▶ _REQUIREMENT_
Each entry below must come back exactly as written, without its pictures.

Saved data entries
((
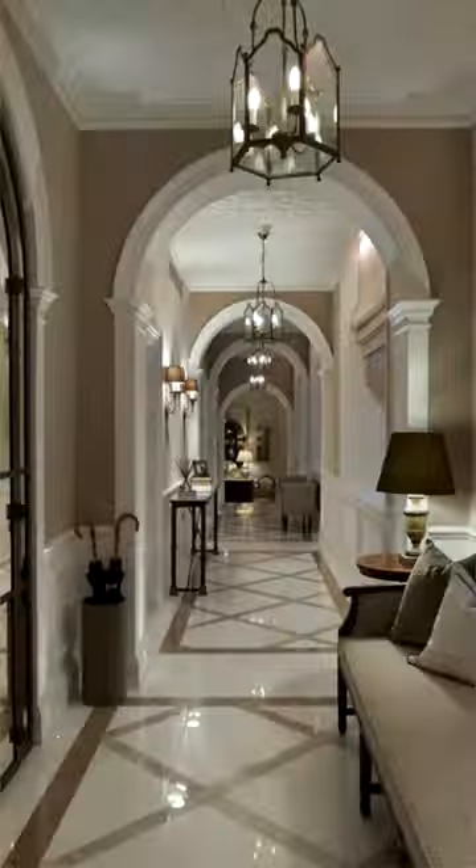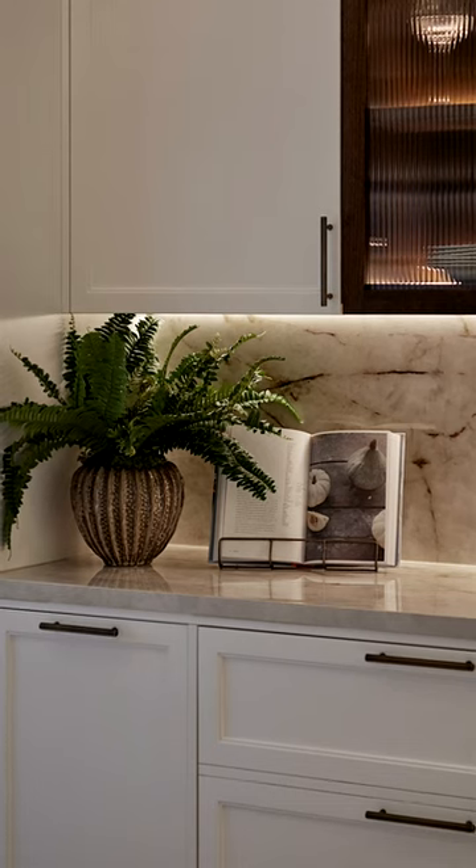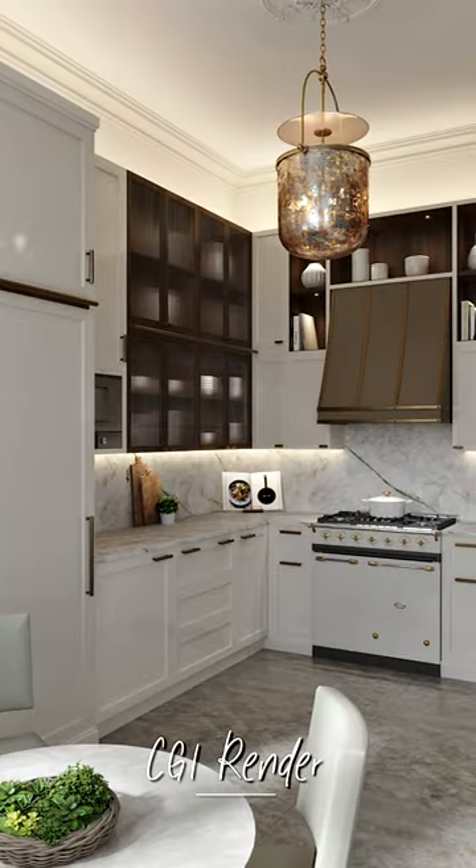I'm so excited for today's video — we haven't done a project tour for a while. Today I've got one of my best ever projects that we've worked on. We've been working on this project for three years. It's a really grand apartment in London, and today I'm going to be showing you the entrance hall, the living room, dining room, and kitchen. It is really special, so come on inside.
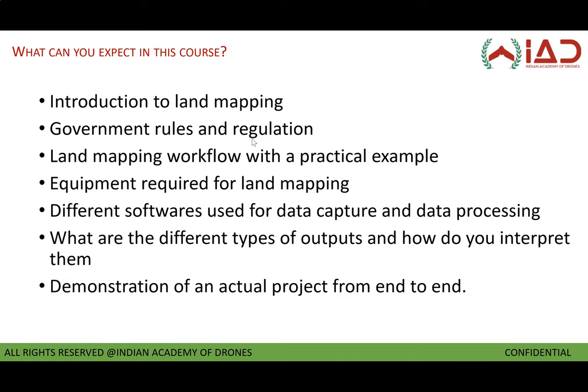We will cover the different types of outputs and how to interpret them — how to generate an ortho mosaic, a terrain model, a surface model, and a contour. We will also demo an actual project for you. We will take a sample dataset and show you step by step how to go about processing it. And once it is processed, how do you view the data, how do you interpret it, and most importantly, how do you present it to your client.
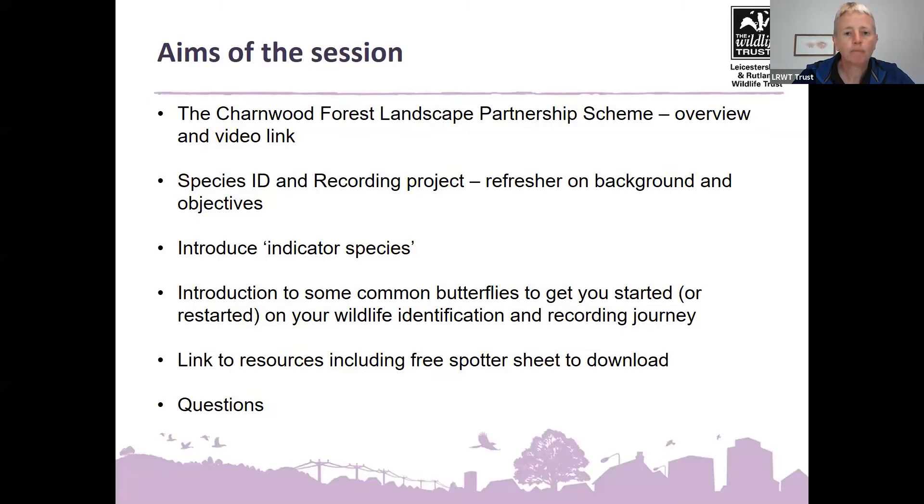The aims of today's session: we'll start with a reminder about the Landscape Partnership scheme this project is part of, then remind everybody about the species identification and recording project and its objectives. I'd like to introduce indicator species — a concept that helps explain why we record butterflies and other animals. Then we'll move to an introduction to 12 common butterflies. At the end, we'll cover links to resources and the free spotter sheet, and finish with questions and answers.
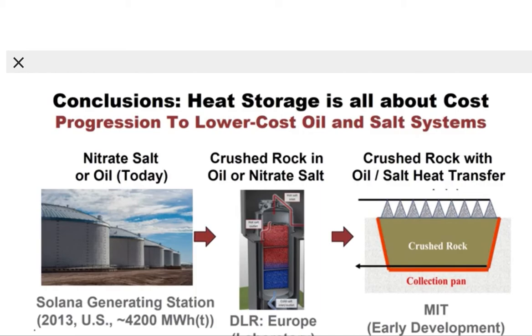In conclusion, heat storage is all about cost, and our goal is to minimize that cost. We show the progression to lower cost oil and salt systems. Today, commercial technology uses nitrate salt or oil in tanks. Different groups are working on adding crushed rock to oil or nitrate salt to reduce costs — the Europeans are looking at crushed rock with nitrate salt, and the Koreans at hot oil in crushed rock. We are taking one further step: crushed rock with oil or salt purely for heat transfer, with the goal to minimize each component and thus the total system cost.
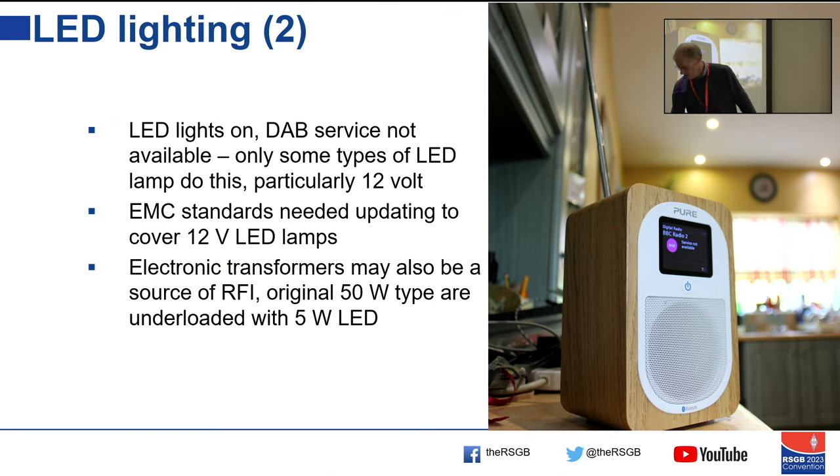Another item: electronic transformers originally designed for 50-watt halogen loads can do strange things when underloaded by LED replacements, so people tend to replace the transformer as well.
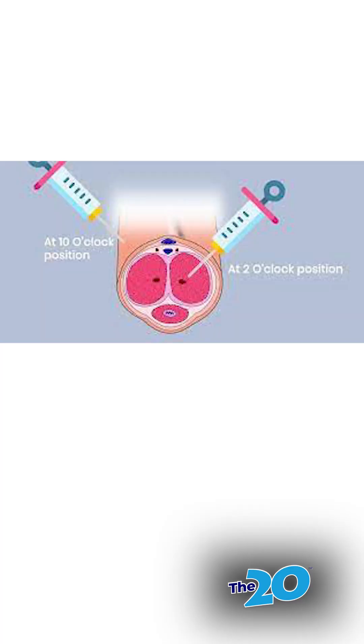Fifth is sexual health — O shots and P shots. Are you doing O shots and P shots? We haven't done O shots and P shots yet, but we want to. We're getting into it.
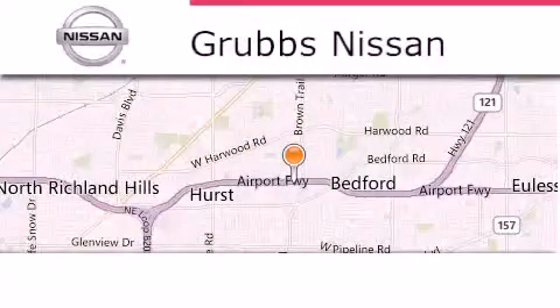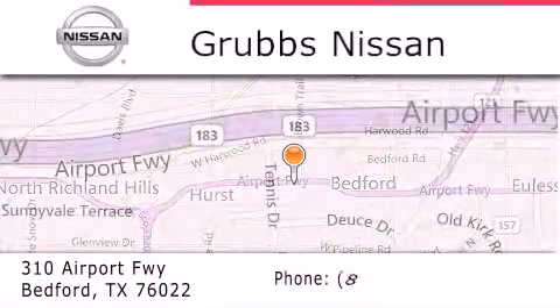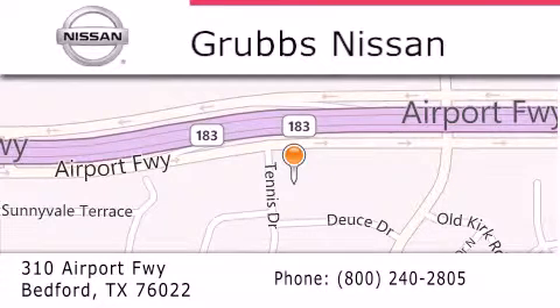Thank you for considering Grubbs Nissan for your next luxury vehicle. If you have any questions, please visit our website, give us a call, or stop by our dealership located at 310 Airport Freeway in Bedford.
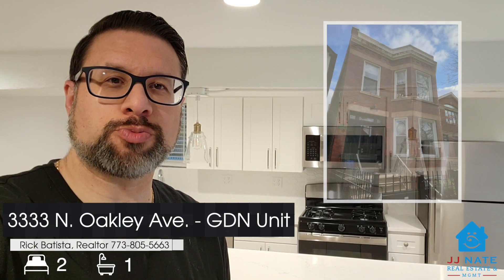Hi, this is Rick Batista with the Batista Group of JJ and 8 Real Estate Management here in Roscoe Village to show you our new rental listing. It is a two-bedroom, one-bath garden unit apartment. Let me turn the camera around and take you on a tour.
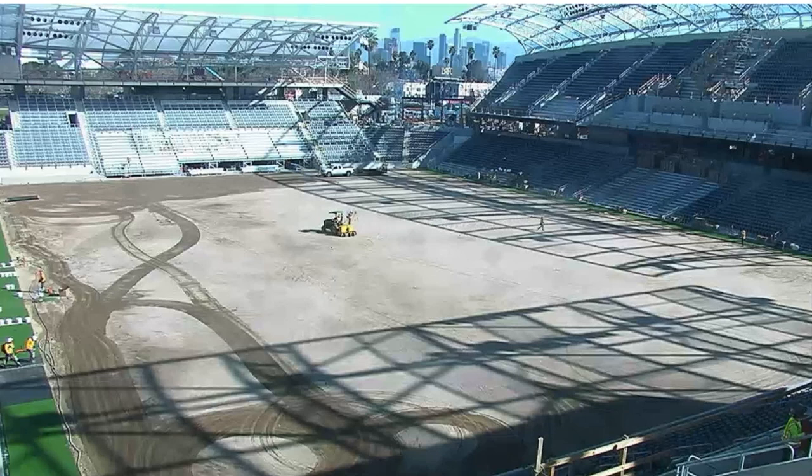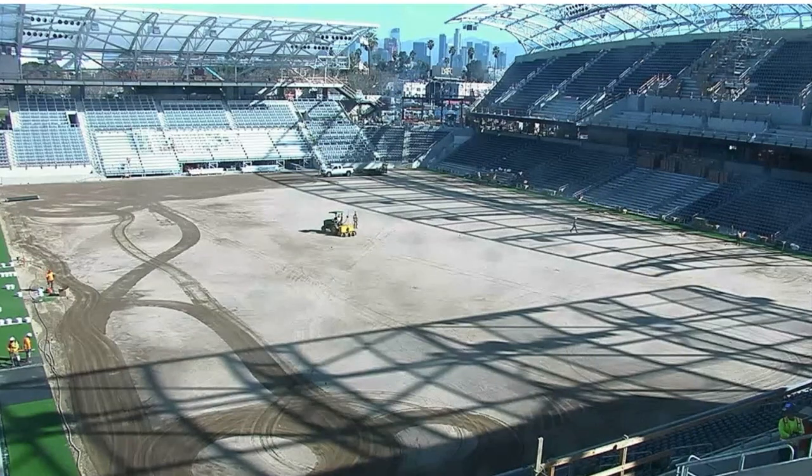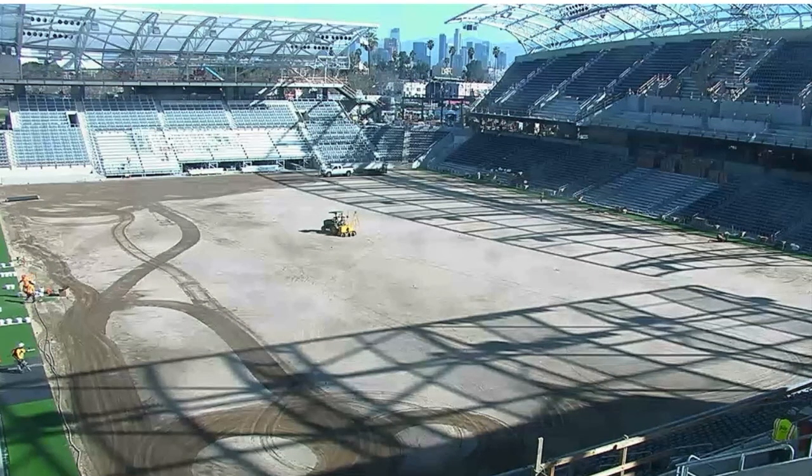Welcome back to another edition of Bank of California Stadium Updates, home of the LAFC Football Club. You are seeing some green turf around the perimeter of the field — that is fake turf; the real Bermudagrass has not been laid as of yet.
))
▶ _SOLUTION FOR THIS TASK_
I'm so excited for today's video — we haven't done a project tour for a while. Today I've got one of my best ever projects that we've worked on. We've been working on this project for three years. It's a really grand apartment in London, and today I'm going to be showing you the entrance hall, the living room, dining room, and kitchen. It is really special, so come on inside.
We will cover the different types of outputs and how to interpret them — how to generate an ortho mosaic, a terrain model, a surface model, and a contour. We will also demo an actual project for you. We will take a sample dataset and show you step by step how to go about processing it. And once it is processed, how do you view the data, how do you interpret it, and most importantly, how do you present it to your client.
The aims of today's session: we'll start with a reminder about the Landscape Partnership scheme this project is part of, then remind everybody about the species identification and recording project and its objectives. I'd like to introduce indicator species — a concept that helps explain why we record butterflies and other animals. Then we'll move to an introduction to 12 common butterflies. At the end, we'll cover links to resources and the free spotter sheet, and finish with questions and answers.
In conclusion, heat storage is all about cost, and our goal is to minimize that cost. We show the progression to lower cost oil and salt systems. Today, commercial technology uses nitrate salt or oil in tanks. Different groups are working on adding crushed rock to oil or nitrate salt to reduce costs — the Europeans are looking at crushed rock with nitrate salt, and the Koreans at hot oil in crushed rock. We are taking one further step: crushed rock with oil or salt purely for heat transfer, with the goal to minimize each component and thus the total system cost.
Another item: electronic transformers originally designed for 50-watt halogen loads can do strange things when underloaded by LED replacements, so people tend to replace the transformer as well.
Fifth is sexual health — O shots and P shots. Are you doing O shots and P shots? We haven't done O shots and P shots yet, but we want to. We're getting into it.
Thank you for considering Grubbs Nissan for your next luxury vehicle. If you have any questions, please visit our website, give us a call, or stop by our dealership located at 310 Airport Freeway in Bedford.
Hi, this is Rick Batista with the Batista Group of JJ and 8 Real Estate Management here in Roscoe Village to show you our new rental listing. It is a two-bedroom, one-bath garden unit apartment. Let me turn the camera around and take you on a tour.
Welcome back to another edition of Bank of California Stadium Updates, home of the LAFC Football Club. You are seeing some green turf around the perimeter of the field — that is fake turf; the real Bermudagrass has not been laid as of yet.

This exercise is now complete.